-- Work item --
What is needed is a word-for-word transcript of the listing, free of pictures.

━━ Data supplied

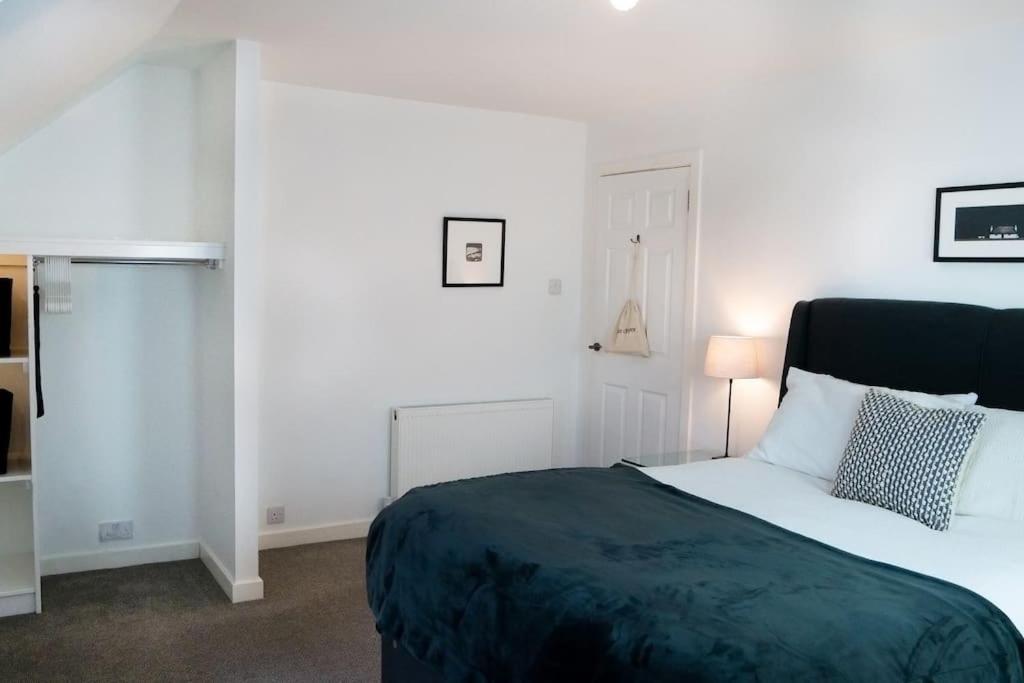 Central 2 Bedroom Luxury Home Close To River Ness Inverness Buitenkant foto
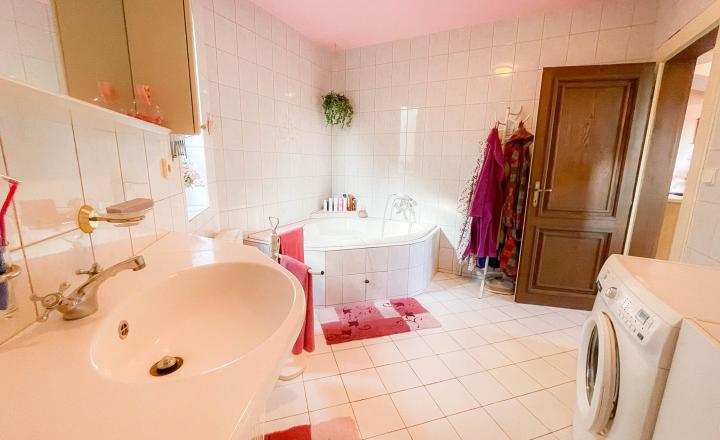 5 izbový rodinný dom v Ružinove na predaj, vhodný  aj na podnikanie - fotografia 12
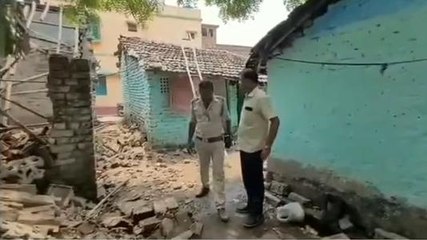 হঠাৎ প্রচণ্ড শব্দ, ঘরগুলো কেঁপে উঠল ! ভয়ে ভয়ে বাইরে বের হতেই আঁতকে উঠল সকলে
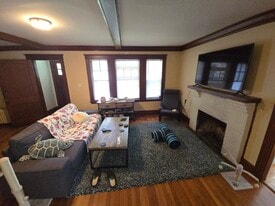 Building Photo - 281 Lowell Ave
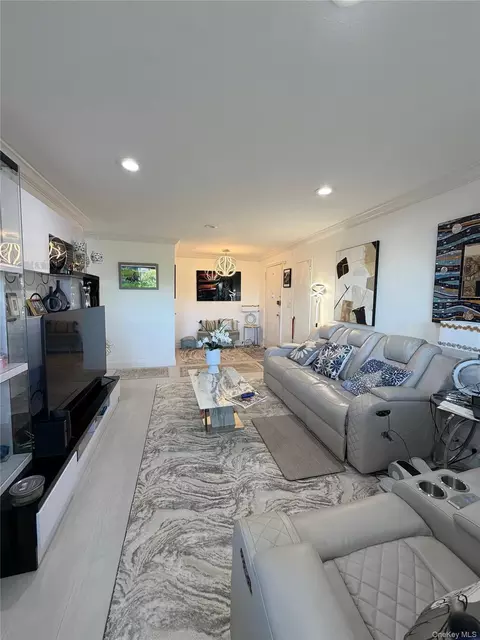 89-35 155th Ave #5C, Howard Beach, NY 11414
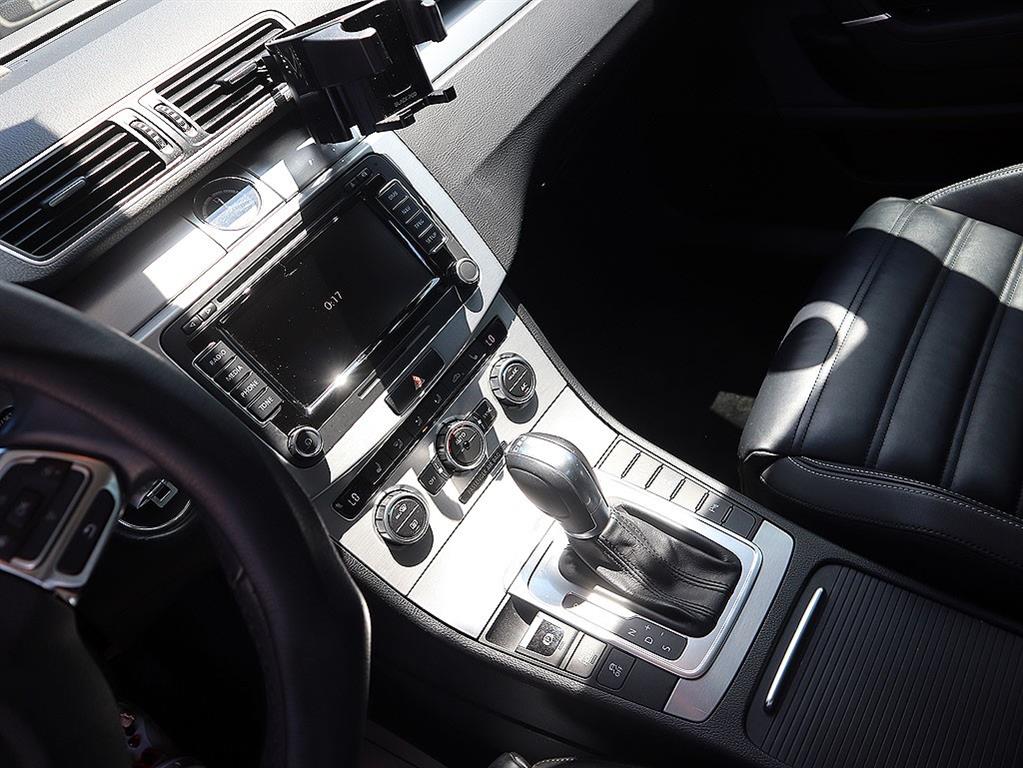 Volkswagen CC — photo 10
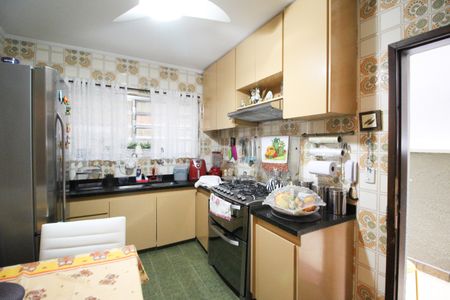 Casa à venda com 206m², 3 quartos e 2 vagasCozinha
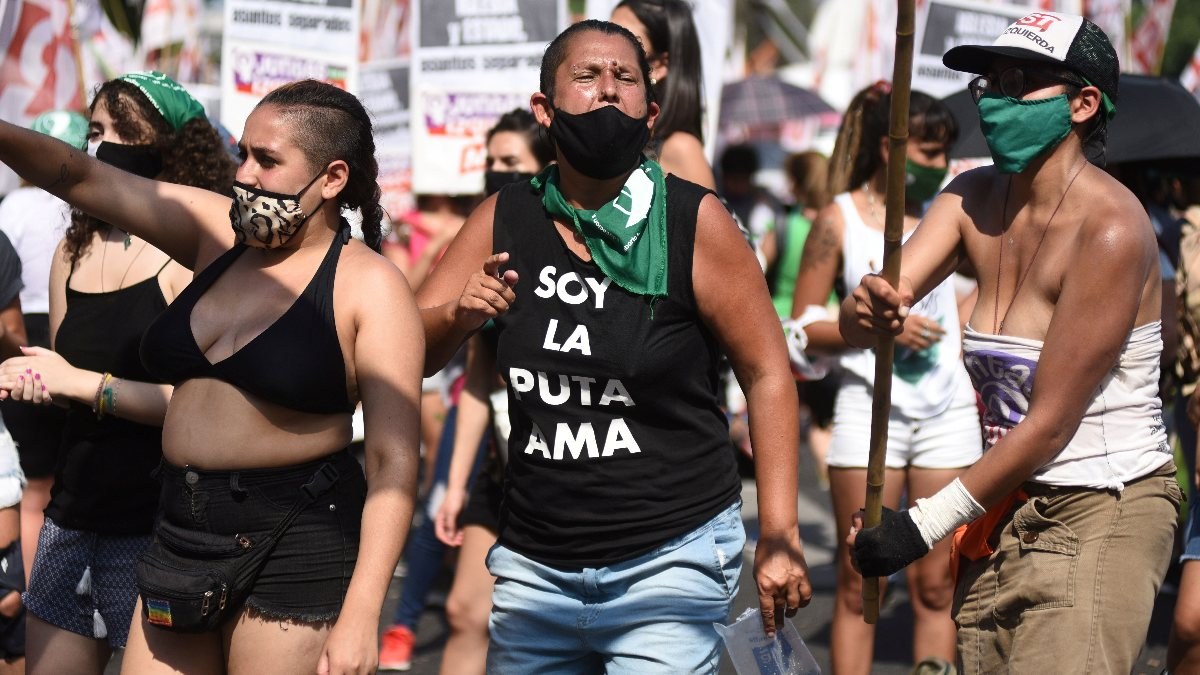 Arjantin'de kürtaj karşıtı ve yanlısı gösteri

━━━━

-- Output below --
 Central 2 Bedroom Luxury Home Close To River Ness Inverness Buitenkant foto
 5 izbový rodinný dom v Ružinove na predaj, vhodný  aj na podnikanie - fotografia 12
 হঠাৎ প্রচণ্ড শব্দ, ঘরগুলো কেঁপে উঠল ! ভয়ে ভয়ে বাইরে বের হতেই আঁতকে উঠল সকলে
 Building Photo - 281 Lowell Ave
 89-35 155th Ave #5C, Howard Beach, NY 11414
 Volkswagen CC — photo 10
 Casa à venda com 206m², 3 quartos e 2 vagasCozinha
 Arjantin'de kürtaj karşıtı ve yanlısı gösteri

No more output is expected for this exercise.